カ ルシウムを注射されて温まっていく体を痒さが襲い、不快なことこの上ない。医師が、しいっと歯の間から息を漏らしながら、眉をしかめてカルテに向かう姿を横目で見ていた。




 ついには全身で赤くない場所を探す方が大変だというほどになって、最初に赤い発疹であったところがどんどん水疱化していった。それは鉄棒をやり過ぎた時にできる豆の、おそらく体積は十倍に届くかと言うような大きなものだった。

 中にたまった水は張りを増し、存在するだけで痛くてたまらない。もはや切除しかなかろうと言う医師の手にあるのは、メスでも麻酔注射でもなかった。

 見たこともない大きさの、ピンセットだった。

 この際何でもいいから取ってくれと腕を差し出すと、ピンセットが力強く水泡をつかみ、引き破った。水泡は淵を残して取り去られていき、赤々とした真皮が表れた。医師は左官屋に鞍替えしたかのようにぼってりと軟膏を塗り、分厚い包帯を巻く。まるでギブスで固定したような腕が出来上がった。




 皮膚病ならここで完治への道が始まったろうに、そうではないらしく、今度は四肢の中身が激痛に襲われた。筋肉も炎症を起こしているので通院は無理、と言うことになった。医師は根気強く毎日通ったが、実際にできることは、上下のまつ毛同士が癒着しないように引き剥がすことや、包帯を替えて軟膏を塗りなおすことだけ。

 一度皮膚科の医師を連れてきた。何事か意見しあっているようだが、耳の中も炎症で機能していないのか、声がしていた記憶がない。話によれば内科医は首を振ってついに疑問をあらわにしてお手上げだと告げ、皮膚科医は症状に対する処置は間違っていないと告げて2人は帰ったらしい。

高 熱はさらにひどくなり、意識は朦朧としてきた。立てないなどと言う話ではない。寝返りを打とうと力をほんの少し入れただけで叫びたいほどの痛みが走る。もはや自分で何もできない。かろうじて医療用器具から牛乳は飲めたが、水ですら舌が痛くて飲めない。ましてや水差しの先は尖っている。

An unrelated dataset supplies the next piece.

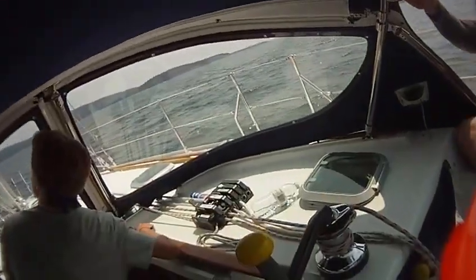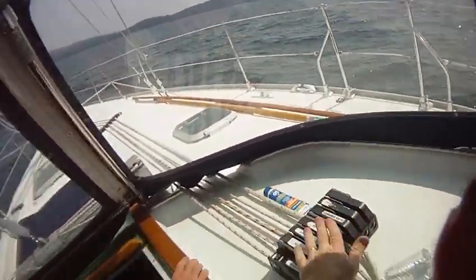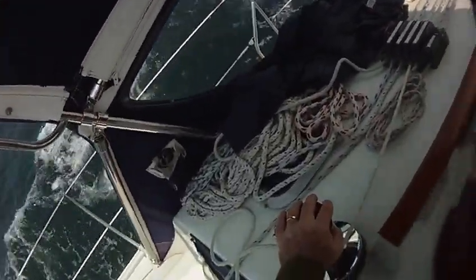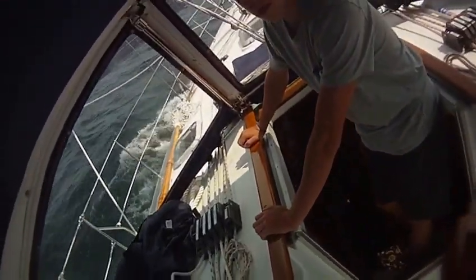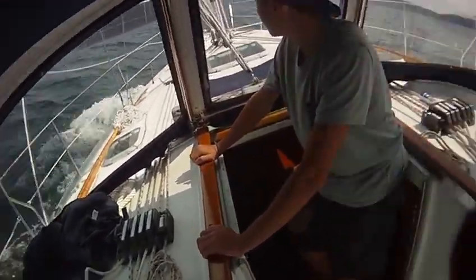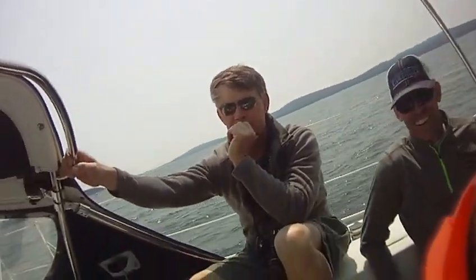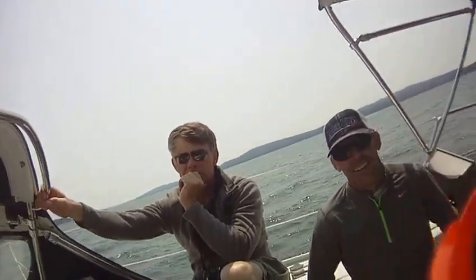Head off. What happens is when the wind gets too strong, more force on the back wants to turn us into the wind.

 口腔内の粘膜も、瞼の内側も例外なく、粘膜という粘膜も炎症を起こしていた。








 やがて世界は地平線をはさんだ白と黒だけになり、さらに地平線の上下で別れている白黒の、どちらが上かも定かでなくなる。暗くも明るくもない、広くも狭くもない、上下左右もない。何もなくなってしまった。








 父は眼科医から内服薬の成分を聞き出し、どうやら最初の発熱への処置と、眼科から出された消炎剤とが合わさって、薬物アレルギーを起こしたらしいという結論に達していた。しかしこの時は症例がない。ずいぶん後になって、同じような症状になった患者の両親が長く裁判を闘った結果、薬のCMで注意を喚起するピンポンという音を出すことになったのは知られていない。

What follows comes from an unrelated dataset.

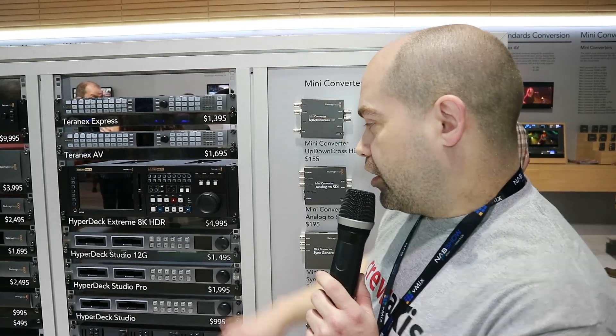So anyway, great new product from Blackmagic. The recorder is $4,995 and the controller is $12,995. Thanks for watching.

 無の中に黒と白の地平が帰ってきたが、どっちが上か下か、やはりわからない。やがてどちらも黒だと思った時、地平から日の出のような光が差してきた。始めはうっすらと、やがて光の筋が地平を満たすと、夏の不愉快な湿気を帯びた暑い空気が皮膚をなでていることがわかった。最初に見たものは、怪物の目玉に見えるとずっと思って怖がっていた、天井の節目だった。








 祖母が母に言うには、父も幼い頃高熱にうなされ危うかったことがあったという。ある夜、金色に輝く観音様が窓辺に立つ夢を見てから快方に向かったらしい。母は夢で金色のマリアが窓辺に立つのを見ていた。2人は同じだといって手を取って小躍りした。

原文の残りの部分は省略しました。